In my beloved home state of Maryland, this year's governor's race is a rematch of the contest four years ago, and most polls show a close race, with current Gov. Martin O'Malley (D) up a few points over former Gov. Bob Ehrlich (R), but at or below the crucial 50 percent mark.
Enter the Washington Post, which two days ago released a poll that shows O'Malley up by 11 points, breaking the 50 percent mark. As might be expected, Post journalists are hyping the results, casting the race as possibly starting to break decisively in O'Malley's direction.

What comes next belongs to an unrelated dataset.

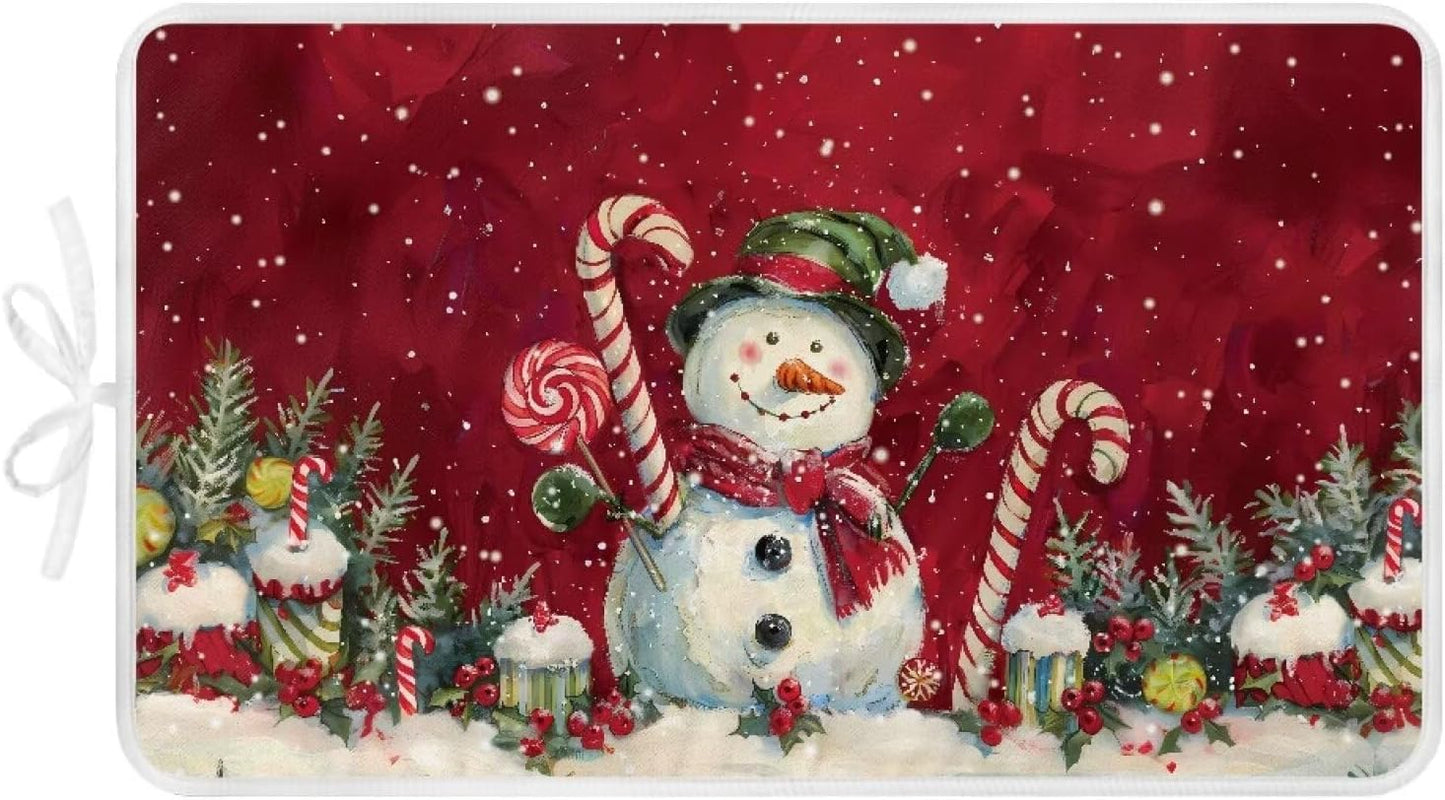 Ironing Mat Christmas Portable Iron Pad Magnetic Cover and Padding for Top of Washer, Dryer, Tabletop, Countertop,Travel Small Size Snowman Ironing Pads 32 x 16 Inch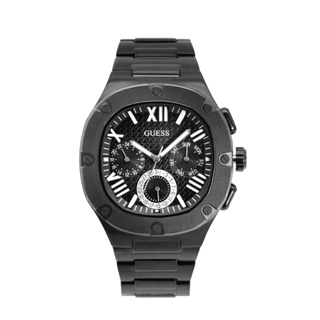 GUESS|黑色系 三眼日期顯示 圓角方型腕錶 不鏽鋼錶帶 男錶 手錶(GW0572G3)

In an online chat, the Post's Chris Cillizza vouched for the poll by stating that pollster "Jon Cohen is the best in the business, so yes," O'Malley has indeed opened up a wide lead over Ehrlich. Today, the Post's Mike DeBonis penned a column about how O'Malley is "right now, in a place where a lot of his fellow Democrats around the country sure wish they were."

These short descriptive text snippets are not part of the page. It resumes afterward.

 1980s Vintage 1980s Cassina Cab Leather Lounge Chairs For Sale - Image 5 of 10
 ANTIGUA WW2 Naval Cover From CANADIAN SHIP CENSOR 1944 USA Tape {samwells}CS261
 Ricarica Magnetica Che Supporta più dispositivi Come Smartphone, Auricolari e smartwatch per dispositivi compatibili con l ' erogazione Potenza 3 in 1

Eh, not so fast, veteran Maryland political observer Blair Lee argues in an October 1 article for Gazette.net.
The Post poll oversamples demographic groups that are O'Malley-friendly and doesn't take into account the heightened energy among Maryland Republicans and depressed primary turnout from Democrats this year, Lee argues (emphasis mine):
[S]ince July virtually every national expert, professional handicapper and pundit has called Maryland's governor's race a neck-and-neck tossup. So how can O'Malley be ahead by 3 points (Rasmussen poll) on Sept. 15 and by 11 points (Post poll) less than two weeks later?
Well, not surprisingly, it's all in the methodology. Specifically, it's the different ways pollsters arrive at their sample.
On Election Day, more than 1.5 million Maryland voters will go to the polls. But obviously, pollsters can't call up 1.5 million voters, so, instead, they consult a small group of voters (730 likely voters in The Post poll) that is designed to reflect, as closely as possible, the same characteristics (race, gender, age, party affiliation, geographic residence, etc.) as the 1.5 million voters expected to actually vote.
This weighted microcosm of the electorate is called the sample, and a poll is only as accurate as its sample. In other words, if 52 percent of the voters on Election Day are women, then 52 percent of the 730 voters in the pollster's sample should be women. Likewise with every other category — race, party affiliation and so on. To the extent that a pollster's sample fails to accurately mirror the characteristics of Election Day voters, the poll is flawed.
The first red flag in The Post's poll was O'Malley's 4-point lead among male voters. In every poll since 2005 (and in the 2006 election itself) Ehrlich wins among men. The latest Gonzales Poll has Ehrlich ahead by 8 points with men. The Post poll is the first time O'Malley has led among male voters, ever.
The next alarm bell was The Post poll's finding that in Montgomery County, Ehrlich gets only 27 percent of the vote. Impossible. In the 2006 election, he got 36 percent; in 2002, he got 38 percent.
Then, I saw O'Malley's favorable/unfavorable ratings. Post poll: 64 percent favorable, 26 percent unfavorable (+38 differential); Rasmussen's Sept. 15 poll: 54 percent favorable, 38 percent unfavorable (+16 differential). Too big a difference — something's wrong.
To The Post's credit, its pollster, Jon Cohen, shared his backup data and methodology with me. Here's what I discovered:
Most pollsters build their sample by looking at actual past voter turnout and exit polls from prior elections. Then they feed in current trends, what they're seeing in the field and, finally, their educated estimates based on experience and hunches. This is the art of polling.
The Post poll builds its sample much differently. Instead of using past elections, trends and hunches, it uses Census data. So, if blacks are 29.7 percent of the population, they are 29.7 percent of the Post poll's initial sample. If Republicans are 28 percent of the registered voters, they become 28 percent of the sample. Then, after building its sample based on this generic data, The Post refines its sample to final form by asking respondents a series of questions about their voting likelihood and intensity.
As you might expect, this difference in methodology leads to different samples, which, in turn, lead to different poll results.
My problem with The Post poll's Census-based approach is that it misses a lot of political data, such as September's primary election returns. The Post poll says that O'Malley's and Ehrlich's supporters are equally enthusiastic, yet this year's low-turnout primary saw a Republican surge (37,901 more voters) and a big Democratic drop (125,628 fewer voters) compared with the 2006 primary. Something's going on.
The bottom line? (emphais mine):
I believe The Post's sample over-counts African-Americans (who vote 9 to 1 Democratic) and undercounts Republicans, which accounts for O'Malley's startling lead. I further believe that O'Malley is leading Ehrlich by 3 to 4 points, primarily because O'Malley, with three times more campaign cash than Ehrlich, has had the airwaves to himself since June. But, trust me, O'Malley's lead is not 11 points. That may be the way some folks want it to be, but it's not the way it is.